For Republicans, the “take-away” from the election ought to have been: Social issues trump economic issues – stupid.
During the last election, especially in Connecticut, Republicans had managed to keep a ten foot pole between themselves and social issues, while Democrats joyously embraced the notion of a paternalistic state. Mr. Obama had managed to cobble together a new coalition that gave him a significant margin in the election. He pulled others with him into office, especially within Connecticut and the New England states. Moderate Republicans – left of center on social issues – lost heavily to progressive Democrats disguised, for purposes of the election, as left of center traditional Democrats.

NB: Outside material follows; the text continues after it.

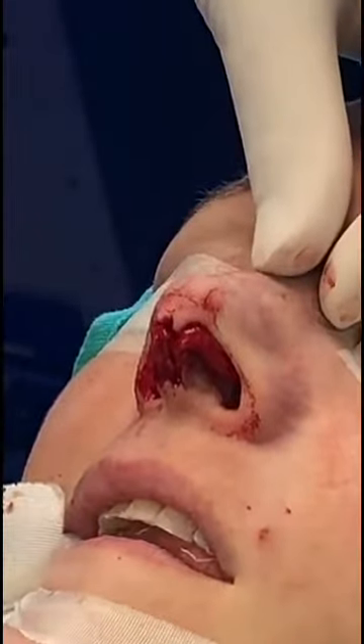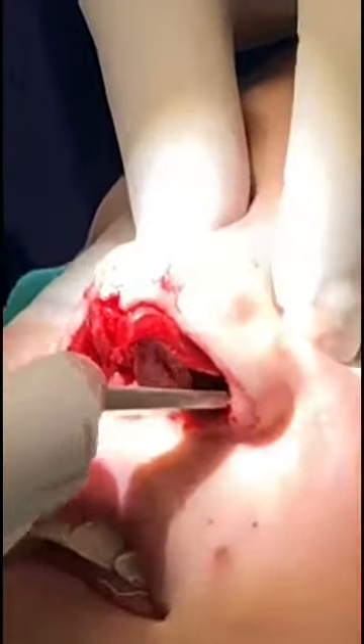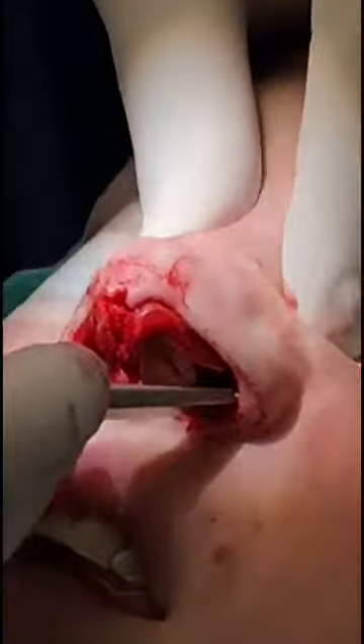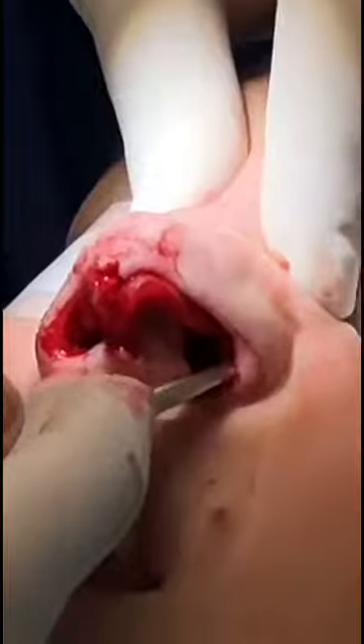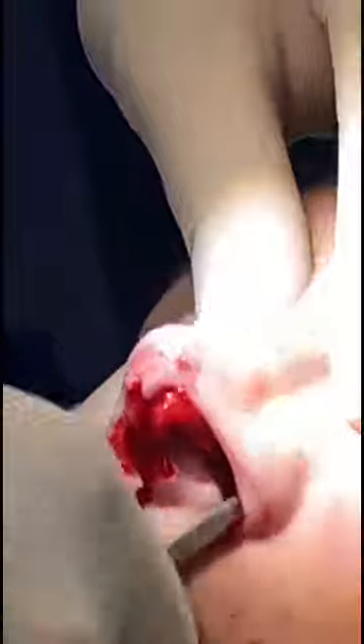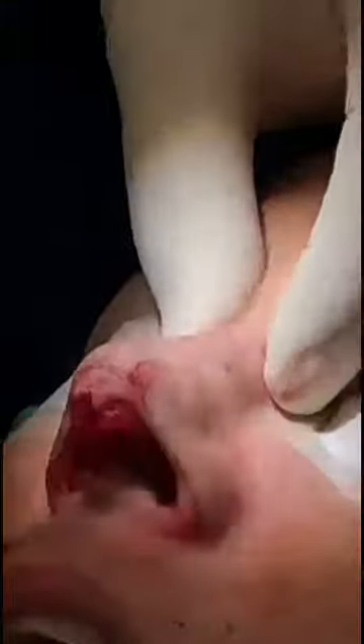Now we'll do a lateral osteotomy. We're doing a lateral osteotomy on the left side. We shift it over, and now you can see the bones are much more in the midline than they were before.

After the election, the masks quickly came off.
No one should have been surprised at the magnitude of the losses for moderate Republicans in Connecticut and throughout the Northeast. The moderate Republican has been a species slated for extinction for a couple of decades. When Chris Shays lost his bid for the U.S. House in 2008, he was the last left of center House Republican in all of New England.
Barry Goldwater used to joke that if you lopped off California and New England, “You’ve got a pretty good country.” Connecticut, for all practical purposes now a one party state, has been effectively lopped off and added to the Democratic basket as an economic basket case. All the state’s Constitutional offices are held by Democrats; the Democrats have controlled the state Senate since 1996 and the state House since 1986; and with the ascendancy of Dannel Malloy to the governor’s office in 2011, the Democrats were able to breech the so called Republican gubernatorial “fire wall’ for the first time since Governor William O’Neill had occupied the office. The clean sweep has made it possible for Mr. Malloy effectively to marginalize Republicans in the General Assembly. Republican leaders in the legislature were not permitted to put their fingerprints on either of the two budgets cobbled together by Mr. Malloy, progressive Democrats in the General Assembly with knives in their brains and SEBAC, the coalition of Connecticut unions authorized to negotiate contracts with the state.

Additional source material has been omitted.